僕は普段絞り優先モードで使っているが、デフォルトの状態ではダイヤルを回すと絞りの変更になる。しかし絞りよりも露出補正の方が頻繁に動かすので、その場合はデフォルトで露出補正になるようにカスタマイズできる。これは大変使い勝手がよい。オリンパスのカメラはエントリー機であってもこういうカスタマイズ機能が充実していることが特徴だ。他にも十字キーの右と下だけ別の目的に割り当てることもできる。僕は右ボタン(通常はストロボモード)をISOに割り当て、下ボタン(通常は連写モード)をホワイトバランスに割り当てている。当然、もともとの機能は使えなくなるが、それはOKボタンを押して表示されるメニュー(オリンパスではライブコントロールと呼んでいる)から設定できるので、それで問題はない。

E-620に比べると専用のボタンが少ない分、メニューに入る頻度が高くなり、操作性が悪くなるのは仕方がない。それはコンパクトさとのトレードオフと考えられる。しかしE-PL2はボタンのレイアウトがよく考えられていて、ストロボのポップアップ以外はすべて右手で操作できるようになっているところが美点である。E-PL3だとこうはいかない。ボディーの小ささを優先するあまり、意味不明なレイアウトになってしまった。E-620にない点としては、拡大ボタンを押すと拡大枠が表示されるのは便利だ。もう一度押すと拡大され、長押しすると元に戻る。これは画面の端の方でピントを合わせたい場合や、ピンポイントで正確に合わせたい場合に重宝する。もちろんマウントアダプターを使ってMFを行う場合にも威力を発揮する。またMFアシストという機能をONにすると、フォーカスリングを回すと自動的に拡大表示になるのはMF時にとても便利だ。これもE-620にはなかった点。ただし、当然ながらマウントアダプターを介したMFレンズでは機能しないので注意。

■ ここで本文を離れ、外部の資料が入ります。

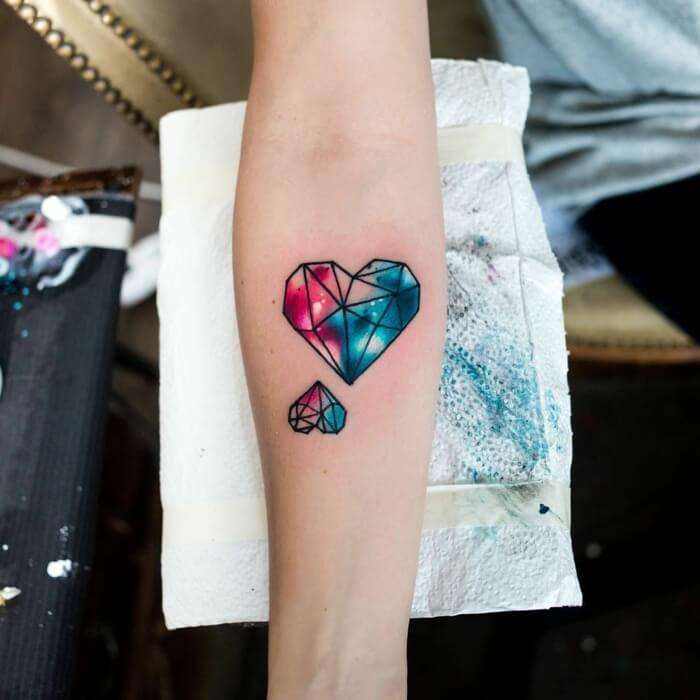 Tatuaje de corazones geométricos en colores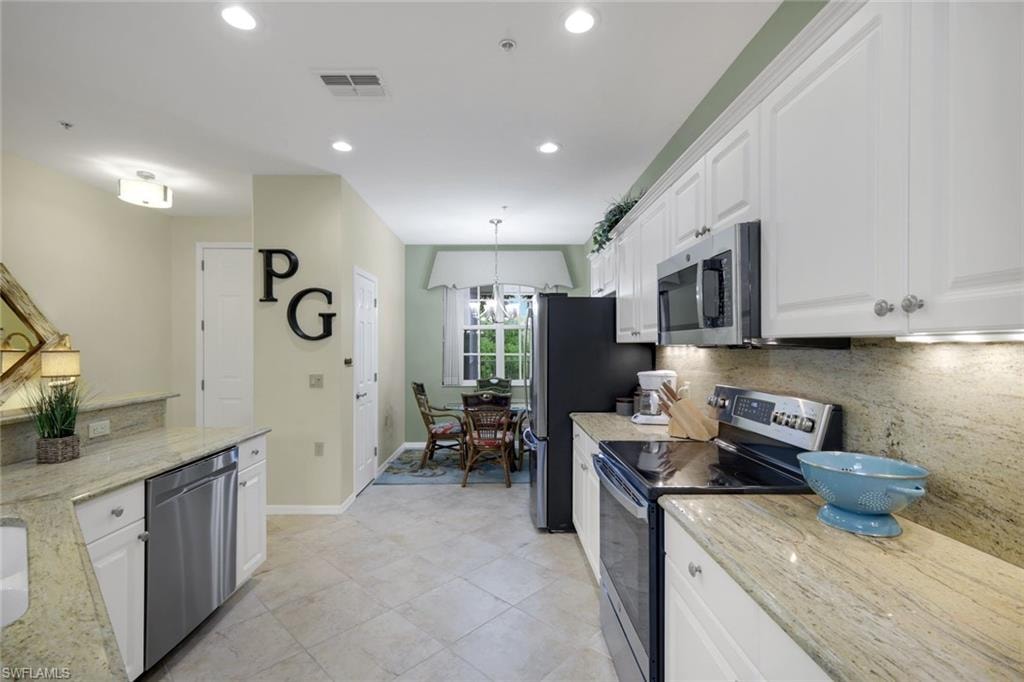 4864 Hampshire CT 203 photo 7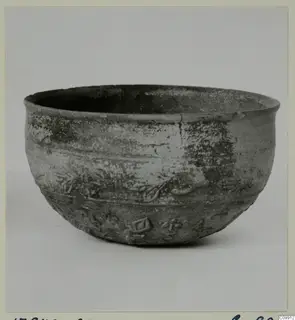 Cypro-Hell. II bowl, grey-brown with raised ornament in bands around the body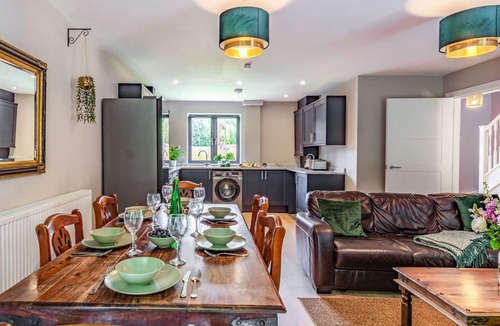 Peacehaven Cottage | 3 bedroom accommodation in Peacehaven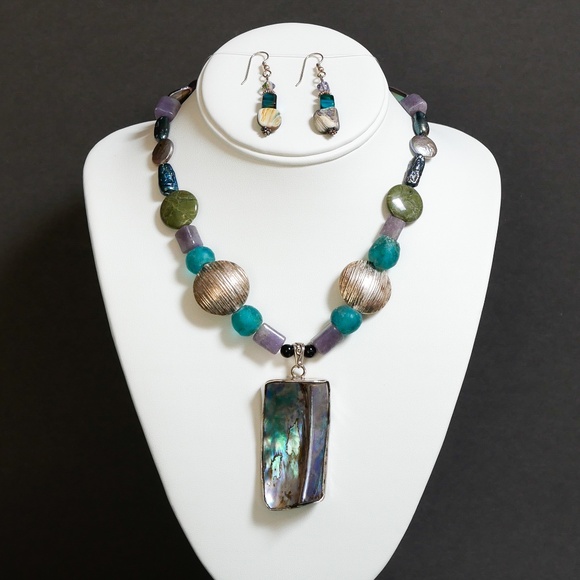 NEW - S31 - Handmade Abalone necklace and earring set - one of a kind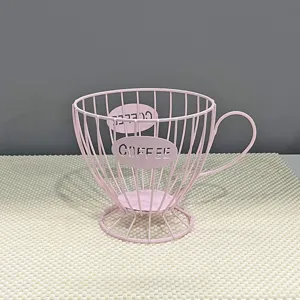 Rosa Draht-Kaffeekapselhalter in Tassenform für die Schreibtischorganisation und Lagerung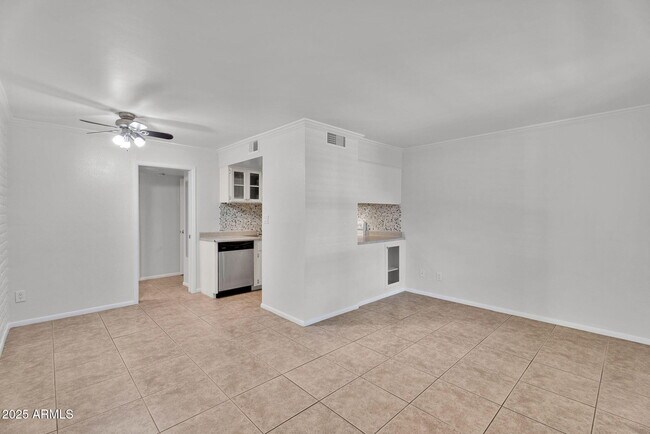 Building Photo - 3737 E Turney Ave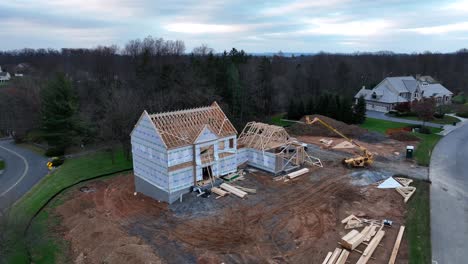 Roof-trusses-installed-on-new-home-under-construction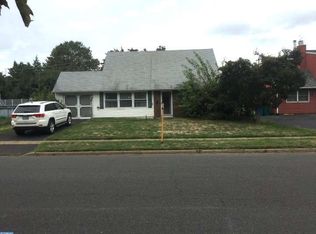 61 Plumbridge Dr, Levittown, PA 19056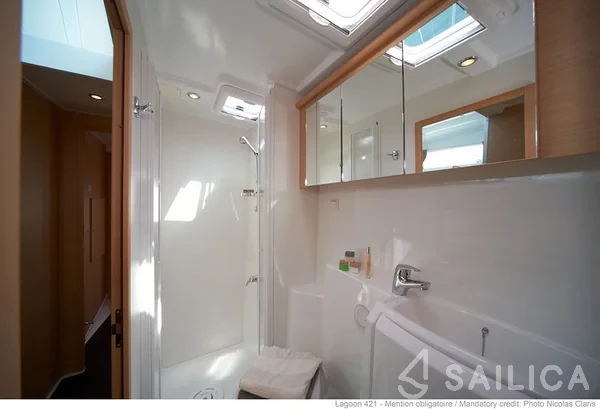 Lagoon 421 - Yacht Charter Sailica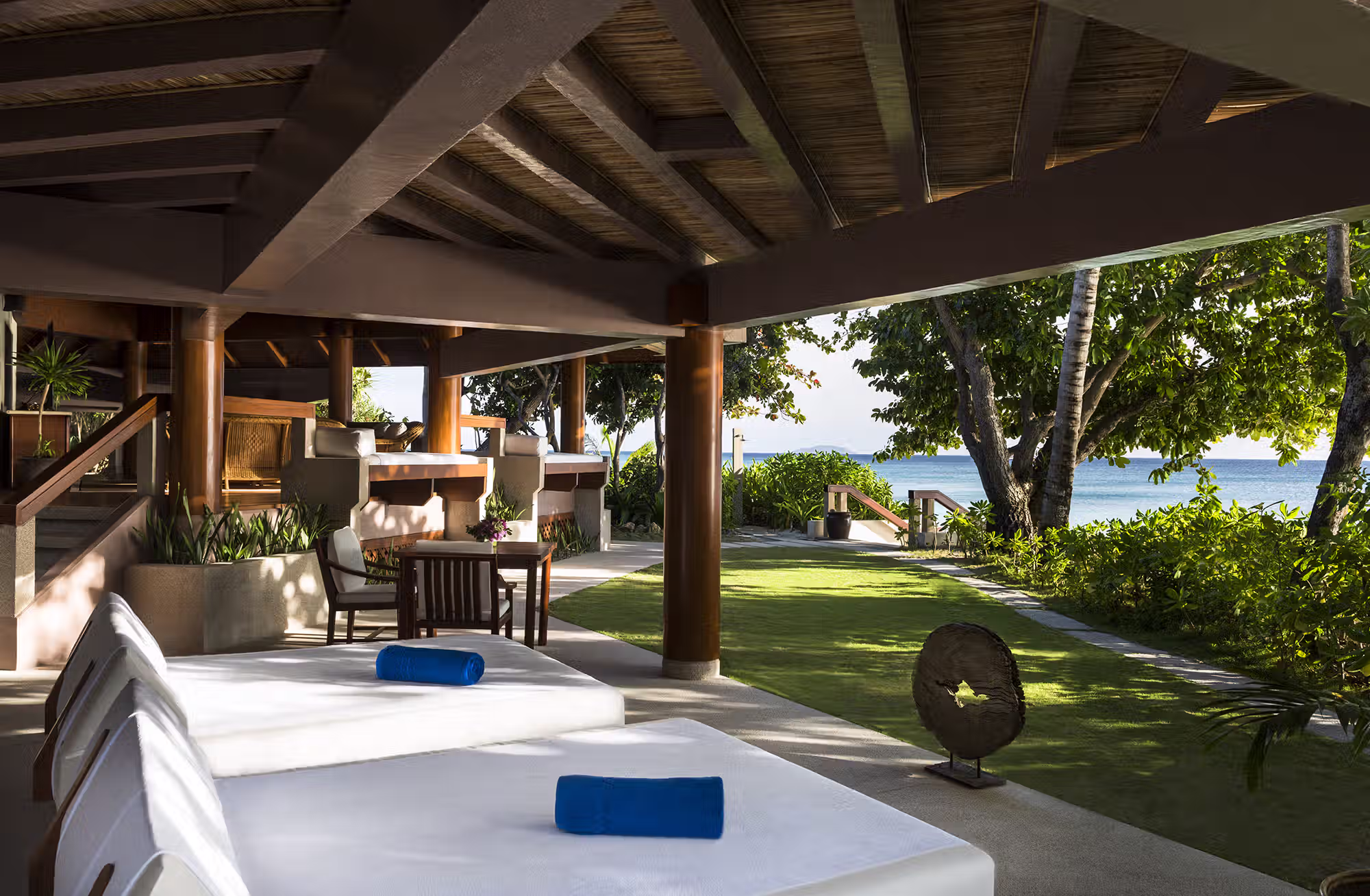 Casitas raccolte nella vegetazione e ville affacciate sulla spiaggia permettono di vivere l'isola con livelli differenti di intimità, spazio e autonomia. — immagine 4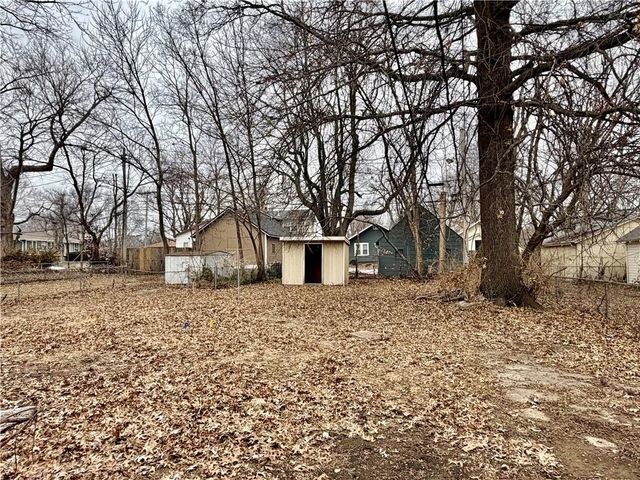 710 W 76th Street, Kansas City, MO 64114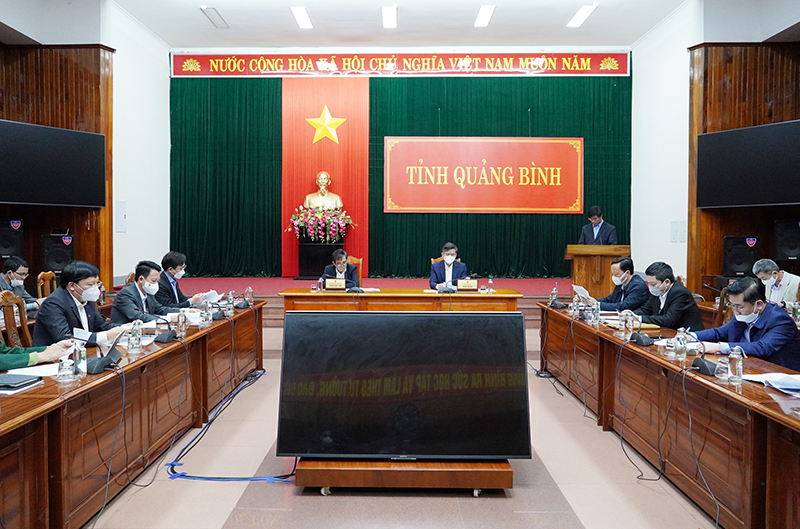 Đồng chí Chủ tịch UBND tỉnh Trần Thắng và đồng chí Phó Chủ tịch Thường trực UBND tỉnh Đoàn Ngọc Lâm chủ trì cuộc họp. thăm, tặng quà cho mẹ Việt Nam anh hùng Nguyễn Thị Tôi.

このMFアシスト機能をONにした場合、ちょっと気になることがあった。自分はこれまでS-AF+MFのモードを使っていたのだが、その場合、ズーミング時などにフォーカスリングにちょっとでも触れると勝手に拡大表示されてしまい、それが煩わしい。そこで仕方なくMFなしのS-AFモードを使うことにした。ただその場合はMFに切り替えるためにいちいちメニューに入らなければならないのが面倒だ。これをどうにかしたいと思って、FnボタンにMF切替を割り当てることにした。これならワンプッシュでAFとMFを切り替えられるのですこぶる便利である。Fnボタンにどの機能を割り当てるか結構悩んでしまうが、MF切替を割り当てるのが一番有用だと思う。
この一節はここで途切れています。